Advocates seeking rent control in San Pablo submit signatures for ballot measure
Over 1,600 signatures were submitted to the San Pablo city clerk by activists Tuesday for a renter protection legislation package to go on the November ballot.
The Contra Costa County registrar of voters has 30 days to approve at least 1,278 valid signatures before it goes to voters.
If it goes on the ballot and is approved in the election, the package would establish a rent program under the city manager's office, where tenants can file petitions if the landlord fails to make repairs or takes away housing service and landlords can file a petition if they are not receiving a reasonable return on their investment. It also includes ordinances for rent stabilization, tenant anti-harassment and just-cause evictions.

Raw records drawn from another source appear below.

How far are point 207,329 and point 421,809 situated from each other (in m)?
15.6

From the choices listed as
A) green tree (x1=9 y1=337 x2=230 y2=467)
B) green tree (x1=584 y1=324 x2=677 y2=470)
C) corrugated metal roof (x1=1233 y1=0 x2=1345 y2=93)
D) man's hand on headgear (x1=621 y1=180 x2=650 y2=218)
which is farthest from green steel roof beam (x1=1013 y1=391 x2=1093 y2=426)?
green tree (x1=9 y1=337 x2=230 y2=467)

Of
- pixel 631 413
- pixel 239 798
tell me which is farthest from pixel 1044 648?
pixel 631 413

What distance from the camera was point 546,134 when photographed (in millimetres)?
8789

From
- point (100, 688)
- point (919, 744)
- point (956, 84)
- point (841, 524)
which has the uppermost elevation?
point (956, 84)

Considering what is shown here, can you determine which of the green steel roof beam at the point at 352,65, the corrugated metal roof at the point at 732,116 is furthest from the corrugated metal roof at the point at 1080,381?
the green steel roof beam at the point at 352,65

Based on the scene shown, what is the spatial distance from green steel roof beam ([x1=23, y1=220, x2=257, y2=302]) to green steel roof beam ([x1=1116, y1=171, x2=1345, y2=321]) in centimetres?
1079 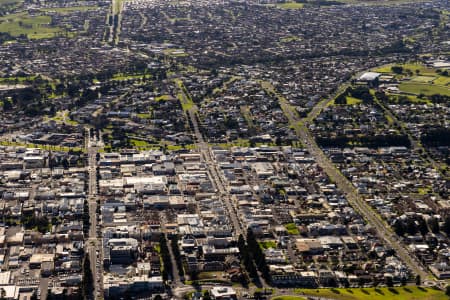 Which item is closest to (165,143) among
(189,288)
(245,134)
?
(245,134)

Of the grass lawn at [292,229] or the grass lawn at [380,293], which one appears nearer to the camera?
the grass lawn at [380,293]

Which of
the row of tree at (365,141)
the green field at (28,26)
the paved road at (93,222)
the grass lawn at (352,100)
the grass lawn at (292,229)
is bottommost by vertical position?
the green field at (28,26)

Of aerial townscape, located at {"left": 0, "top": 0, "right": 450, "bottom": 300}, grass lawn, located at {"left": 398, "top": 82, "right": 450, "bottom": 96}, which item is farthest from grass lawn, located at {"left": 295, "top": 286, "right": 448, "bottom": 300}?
grass lawn, located at {"left": 398, "top": 82, "right": 450, "bottom": 96}

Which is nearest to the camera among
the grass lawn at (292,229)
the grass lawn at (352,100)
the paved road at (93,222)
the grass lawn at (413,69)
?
the paved road at (93,222)

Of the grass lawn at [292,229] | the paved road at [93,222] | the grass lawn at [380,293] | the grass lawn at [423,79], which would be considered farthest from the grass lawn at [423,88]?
the grass lawn at [380,293]

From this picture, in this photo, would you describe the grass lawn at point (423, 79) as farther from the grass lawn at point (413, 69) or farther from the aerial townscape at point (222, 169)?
the grass lawn at point (413, 69)

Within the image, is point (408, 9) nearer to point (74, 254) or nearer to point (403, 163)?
point (403, 163) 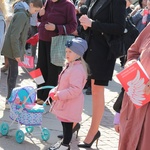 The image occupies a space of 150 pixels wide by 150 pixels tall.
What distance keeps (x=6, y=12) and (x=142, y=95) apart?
6.78 feet

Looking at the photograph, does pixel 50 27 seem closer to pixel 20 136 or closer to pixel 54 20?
pixel 54 20

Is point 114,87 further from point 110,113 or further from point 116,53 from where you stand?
point 116,53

"There is no state law that makes these requirements," said Leah Simon-Weisberg, a UC Law San Francisco professor who directs the legal nonprofit California Center for Movement Legal Services that wrote the ballot initiative for San Pablo.

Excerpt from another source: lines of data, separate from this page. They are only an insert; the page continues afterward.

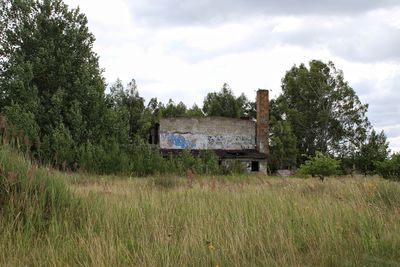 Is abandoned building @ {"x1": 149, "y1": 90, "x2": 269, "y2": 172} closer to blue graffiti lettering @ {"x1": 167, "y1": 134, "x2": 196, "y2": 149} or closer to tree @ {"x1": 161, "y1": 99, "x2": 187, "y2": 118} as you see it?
blue graffiti lettering @ {"x1": 167, "y1": 134, "x2": 196, "y2": 149}

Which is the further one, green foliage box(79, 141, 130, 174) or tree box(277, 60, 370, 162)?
tree box(277, 60, 370, 162)

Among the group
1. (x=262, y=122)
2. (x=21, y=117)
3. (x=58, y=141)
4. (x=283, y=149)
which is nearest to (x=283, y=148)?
(x=283, y=149)

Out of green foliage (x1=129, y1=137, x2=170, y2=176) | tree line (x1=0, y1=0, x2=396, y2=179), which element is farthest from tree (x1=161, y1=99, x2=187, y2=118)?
green foliage (x1=129, y1=137, x2=170, y2=176)

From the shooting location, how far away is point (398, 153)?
24547mm

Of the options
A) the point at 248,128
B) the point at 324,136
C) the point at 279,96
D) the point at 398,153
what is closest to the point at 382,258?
the point at 398,153

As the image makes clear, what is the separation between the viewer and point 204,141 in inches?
1688

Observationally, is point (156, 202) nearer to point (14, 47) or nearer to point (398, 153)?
point (398, 153)

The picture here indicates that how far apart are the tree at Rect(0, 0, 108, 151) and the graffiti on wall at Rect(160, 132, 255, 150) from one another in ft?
41.3

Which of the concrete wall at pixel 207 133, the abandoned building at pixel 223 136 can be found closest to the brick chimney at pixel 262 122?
the abandoned building at pixel 223 136

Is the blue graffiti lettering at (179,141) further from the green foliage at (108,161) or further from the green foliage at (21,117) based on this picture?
the green foliage at (108,161)

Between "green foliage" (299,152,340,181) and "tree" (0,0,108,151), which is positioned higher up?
"tree" (0,0,108,151)

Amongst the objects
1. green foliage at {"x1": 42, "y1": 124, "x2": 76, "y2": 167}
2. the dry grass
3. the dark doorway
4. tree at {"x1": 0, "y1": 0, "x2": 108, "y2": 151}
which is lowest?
the dry grass

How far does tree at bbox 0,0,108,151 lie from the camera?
27531mm

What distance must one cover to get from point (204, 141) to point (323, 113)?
1891cm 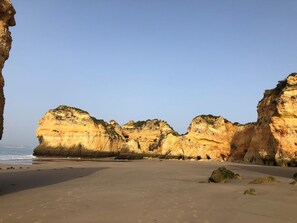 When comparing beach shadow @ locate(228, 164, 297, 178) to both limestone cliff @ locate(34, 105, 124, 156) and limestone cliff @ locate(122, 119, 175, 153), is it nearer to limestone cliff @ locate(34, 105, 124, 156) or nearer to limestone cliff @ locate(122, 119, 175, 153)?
limestone cliff @ locate(34, 105, 124, 156)

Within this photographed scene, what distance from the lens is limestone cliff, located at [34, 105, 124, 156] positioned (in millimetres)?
61656

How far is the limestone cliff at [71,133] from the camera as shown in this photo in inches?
2427

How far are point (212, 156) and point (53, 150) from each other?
3412 cm

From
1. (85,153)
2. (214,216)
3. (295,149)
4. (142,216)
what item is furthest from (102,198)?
(85,153)

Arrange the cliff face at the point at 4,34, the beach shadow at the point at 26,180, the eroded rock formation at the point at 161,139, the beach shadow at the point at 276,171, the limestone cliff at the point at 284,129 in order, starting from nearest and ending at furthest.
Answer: the cliff face at the point at 4,34, the beach shadow at the point at 26,180, the beach shadow at the point at 276,171, the limestone cliff at the point at 284,129, the eroded rock formation at the point at 161,139

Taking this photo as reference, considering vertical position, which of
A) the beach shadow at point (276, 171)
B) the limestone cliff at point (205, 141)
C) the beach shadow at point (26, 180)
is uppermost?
the limestone cliff at point (205, 141)

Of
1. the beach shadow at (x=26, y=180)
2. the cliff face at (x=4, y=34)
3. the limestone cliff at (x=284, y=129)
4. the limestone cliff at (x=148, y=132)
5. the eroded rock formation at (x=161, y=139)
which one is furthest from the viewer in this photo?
the limestone cliff at (x=148, y=132)

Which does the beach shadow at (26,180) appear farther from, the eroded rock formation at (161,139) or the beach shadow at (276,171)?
the eroded rock formation at (161,139)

Simon-Weisberg said state laws are useless and riddled with loopholes, so there is a need to pass local ordinances to protect people. State law does not preempt cities from doing so. Local rent control ordinances passed in the state have grown in recent years, from 15 in 2015 to now 40, she said.
She said San Pablo's proposed measure is similar to ones that have passed in other cities, including Antioch and Richmond. She is also the legal director for the grassroots organizations that helped collect signatures—Alliance of Californians for Community Empowerment and Rising Juntos. Currently, they have ballot petitions running in seven other California cities for the November election.
They rallied Tuesday in front of San Pablo City Hall with banners stating Rent Control Now and Housing is a Human Right.
"When people go into the emergency room with a heart attack or stroke, one of the questions, they ask is 'are you having issues with your housing?'" Simon-Weisberg said to the crowd. "That should not be as common as it is today. Landlords in San Pablo think that they are free to do whatever they want and throw people out arbitrarily.
"There was a rash of what we call reno-victions where landlords claim they are evicting tenants because they're going to make repairs," she said. "Tenants have no right of return. There's no requirement that they come back at the same rent, and so this closes that loophole."
San Pablo is a largely Latino community that has a majority tenant population. Many of the activists on Tuesday, speaking in English and Spanish, shared stories of harassment and unfair evictions.
"A common thing that landlords do is they'll take away people's parking to kind of make it hard for them," Simon-Weisberg said. "Like an elderly person, or people who have evening shifts and have to find parking in the middle of the night, and towing cars is a common thing they do."
The new legislation will also require landlords to submit documentation to the city whenever they serve an eviction notice, a summons and complaint. Eviction cases in California are sealed, so there's not a lot of public data available.
The coalition expects opposition to the ballot will come from local property owner associations.
California law caps rents yearly at 5 percent plus the rate of inflation but no more than 10 percent, Simon-Weisberg said. This ordinance is rent stabilization and caps rent at 60 percent of the Consumer Price Index or no more than 3 percent, whichever is less.
"Under state law, a tenant whose rent is $1,000 can get a rent increase as high as $100," she said. "A tenant in San Pablo would only get a $30 increase if the rent was $1,000."